== STUDY MATERIAL ==
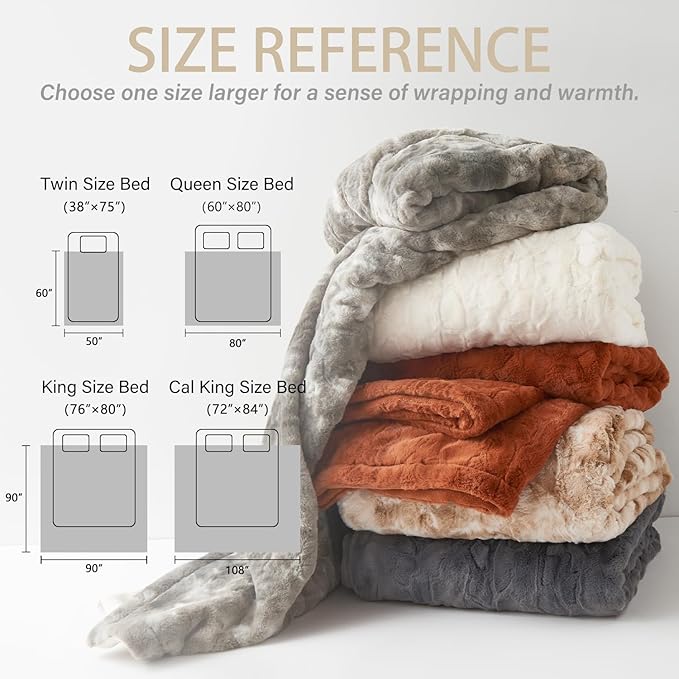 Krifey Grey Faux Fur Blanket King Size for Bed, 3D Marble Texture Soft Cozy Fuzzy Plush Thick Warm Blanket, Luxury Christmas Birthday Gifts for Women Mom Men, Room Decor, Marbled Grey, 108x90in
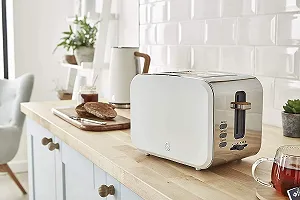 Тостер Swan Nordic 2-Slice Wide Slot Нержавіюча сталь Білий матовий synthetic.ua - Фото 1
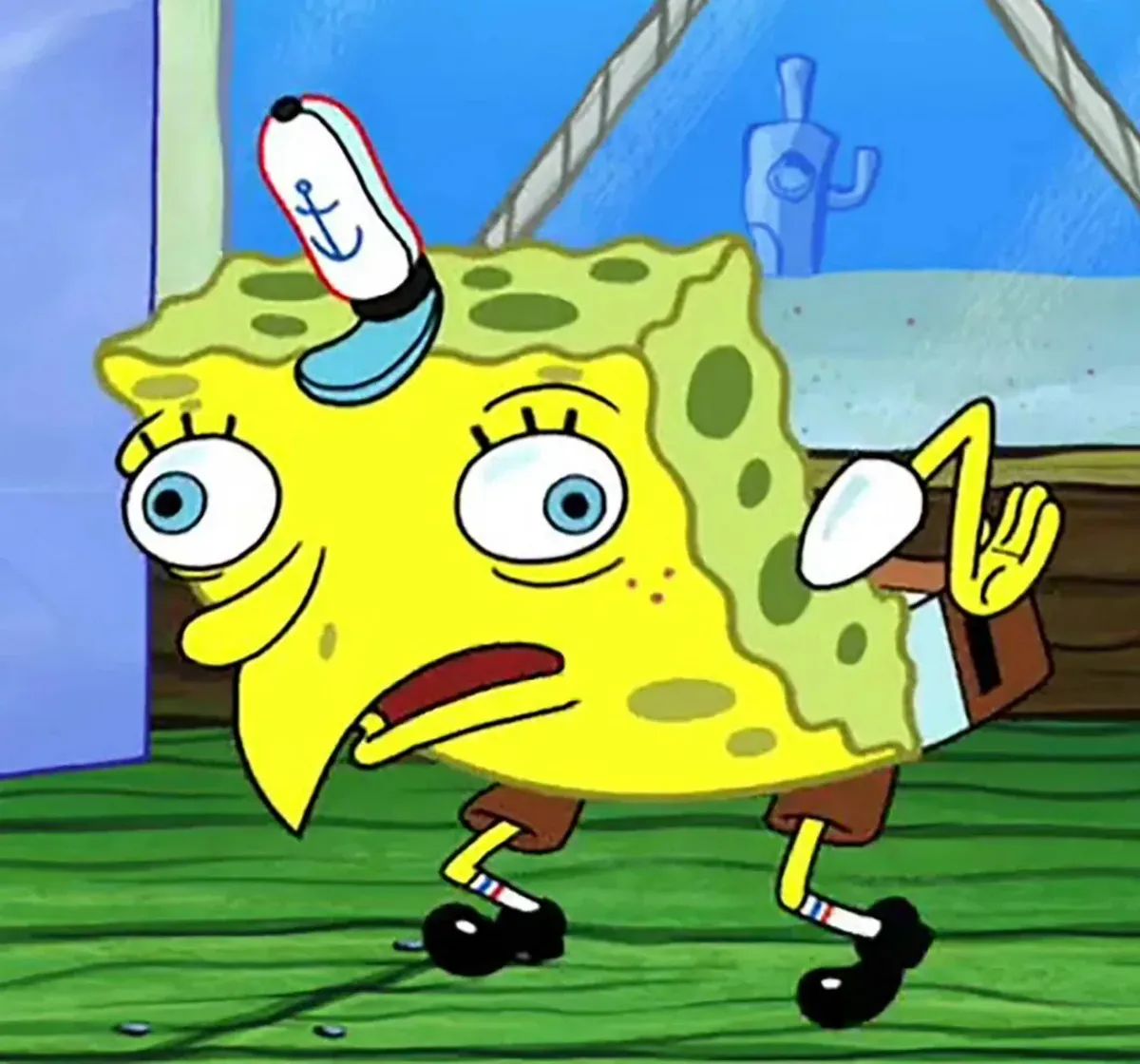 Mocking SpongeBob SquarePants meme template variation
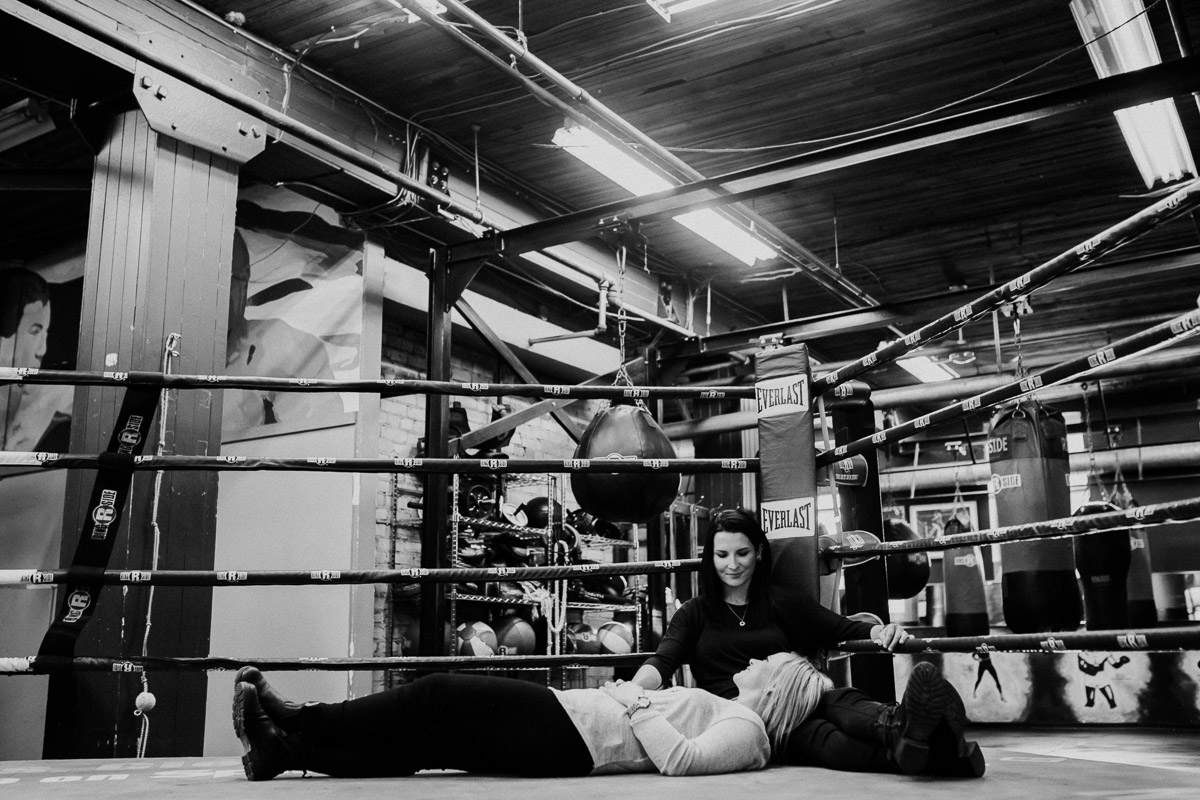 engagement session at Pan Am Boxing Club in Winnipeg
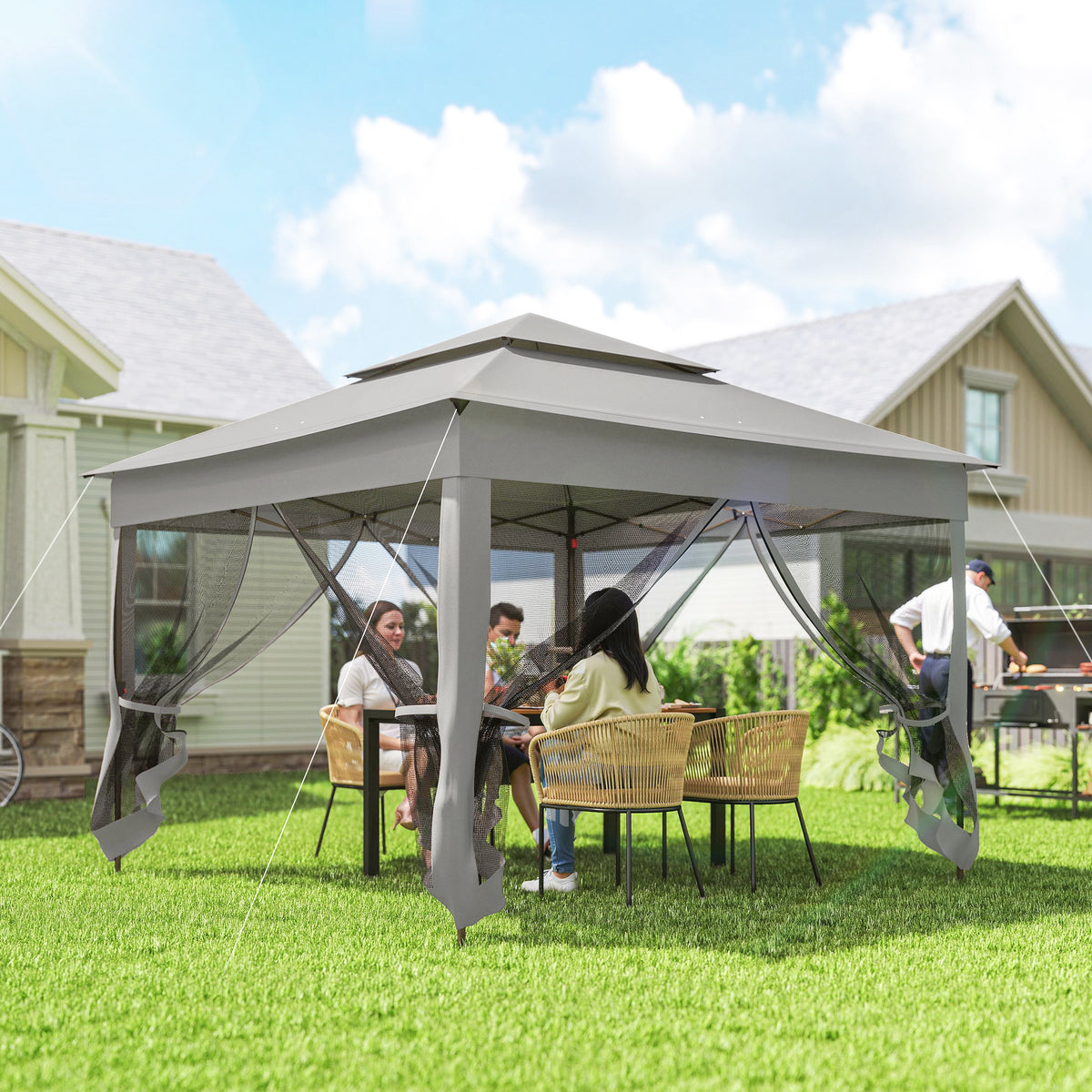 Tonnelle Barnum de Jardin Pop-up Pliant Acier Polyester imperméabilisé Anti UV moustiquaires + Sac de Transport-1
===
§ TASK ITEM
Your answer must consist solely of the lines from the one containing "Mocking SpongeBob SquarePants" through the last line of the records above, copied exactly, with every picture left out.

§ PROBLEM SOLUTION
 Mocking SpongeBob SquarePants meme template variation
 engagement session at Pan Am Boxing Club in Winnipeg
 Tonnelle Barnum de Jardin Pop-up Pliant Acier Polyester imperméabilisé Anti UV moustiquaires + Sac de Transport-1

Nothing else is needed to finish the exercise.